• Data provided:
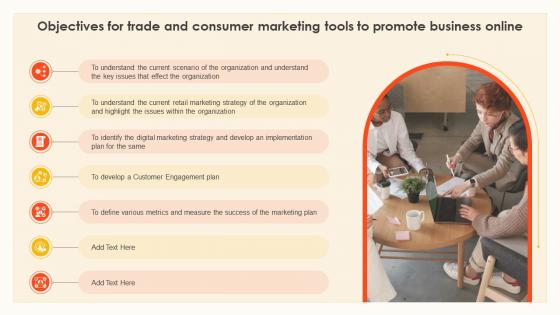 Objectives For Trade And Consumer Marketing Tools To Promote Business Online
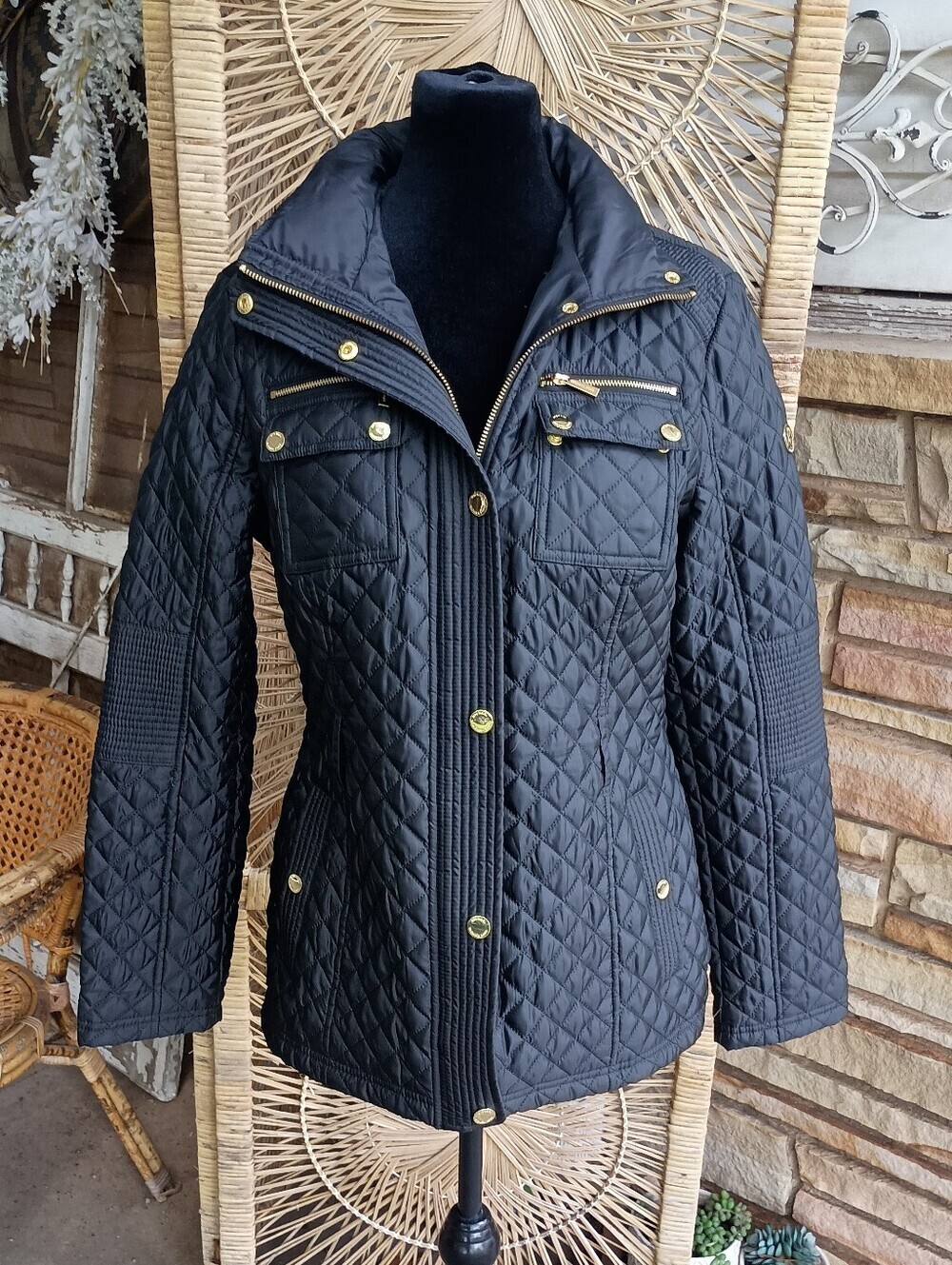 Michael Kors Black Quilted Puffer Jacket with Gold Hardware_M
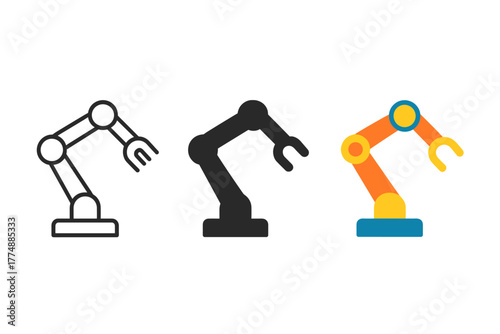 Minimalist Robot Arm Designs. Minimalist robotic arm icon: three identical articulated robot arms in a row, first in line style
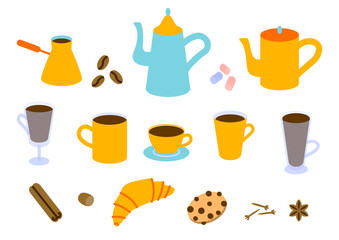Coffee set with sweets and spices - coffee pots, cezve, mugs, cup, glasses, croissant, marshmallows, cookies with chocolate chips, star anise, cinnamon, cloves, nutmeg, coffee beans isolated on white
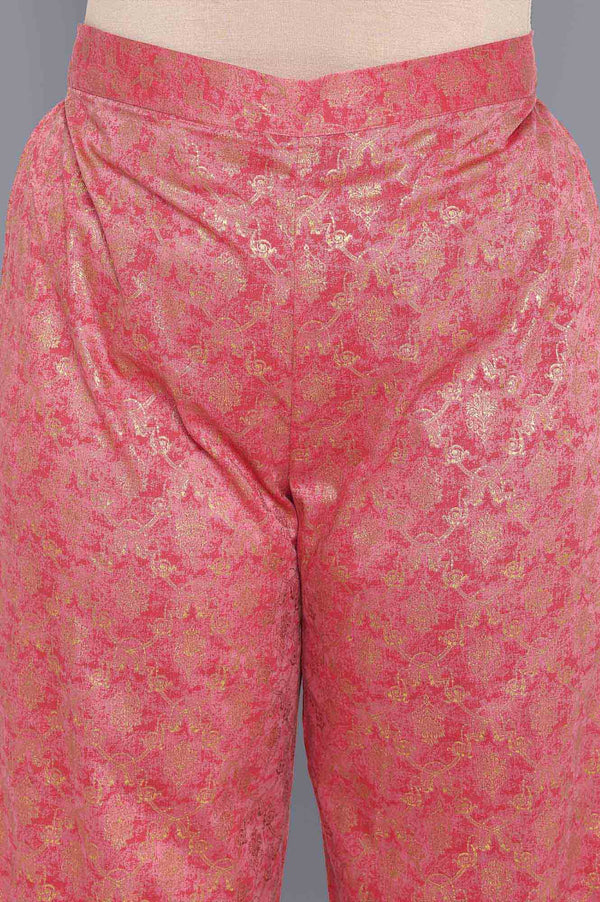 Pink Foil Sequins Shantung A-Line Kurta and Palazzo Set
* * *
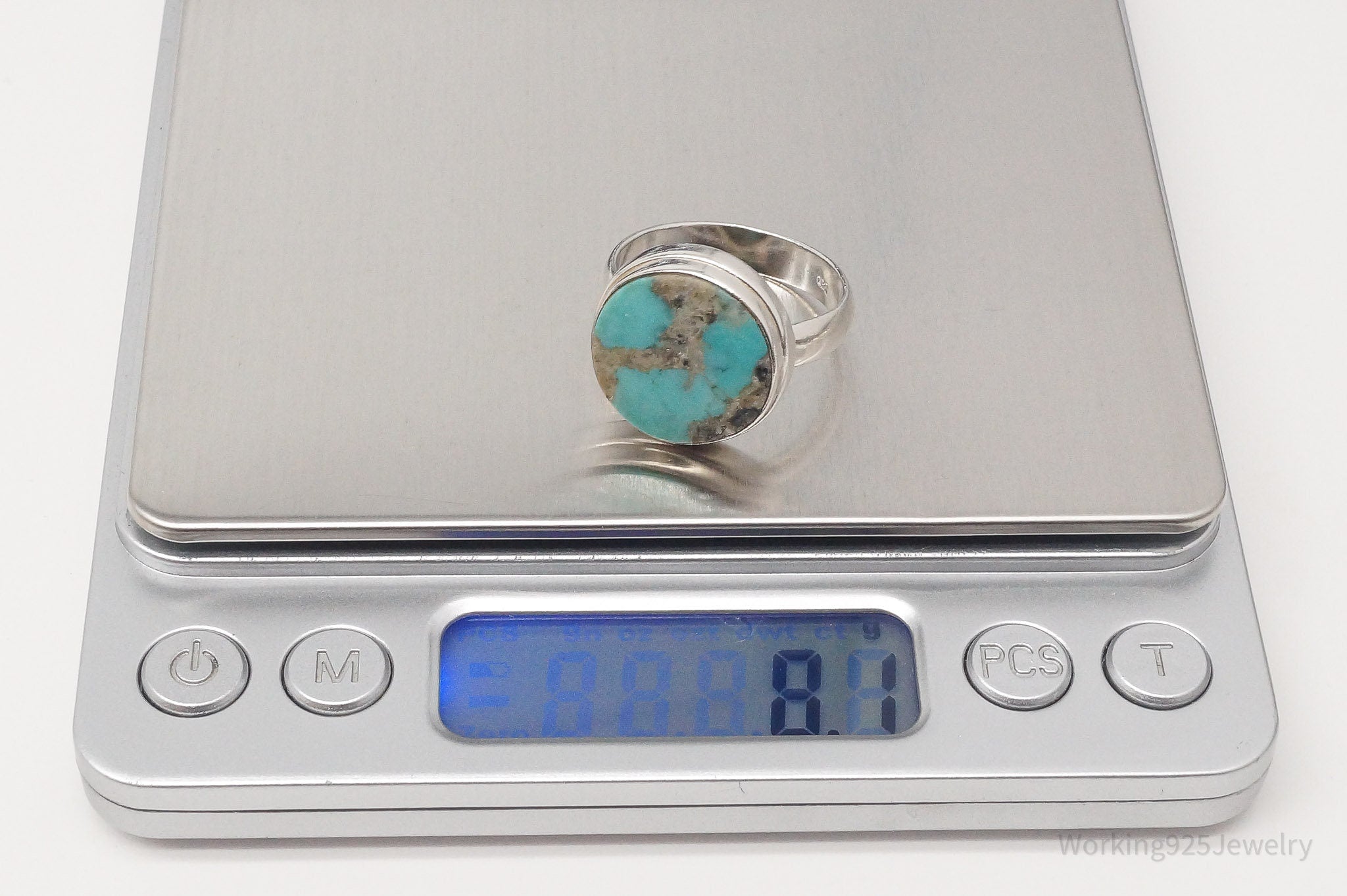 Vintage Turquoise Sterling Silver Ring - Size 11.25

• Task goal: Treat the line with "Michael Kors Black" as the start and the line with "Pink Foil Sequins" as the end, and return exactly that span of the data above, both ends included, without pictures.

• Expected output:
 Michael Kors Black Quilted Puffer Jacket with Gold Hardware_M
 Minimalist Robot Arm Designs. Minimalist robotic arm icon: three identical articulated robot arms in a row, first in line style
Coffee set with sweets and spices - coffee pots, cezve, mugs, cup, glasses, croissant, marshmallows, cookies with chocolate chips, star anise, cinnamon, cloves, nutmeg, coffee beans isolated on white
 Pink Foil Sequins Shantung A-Line Kurta and Palazzo Set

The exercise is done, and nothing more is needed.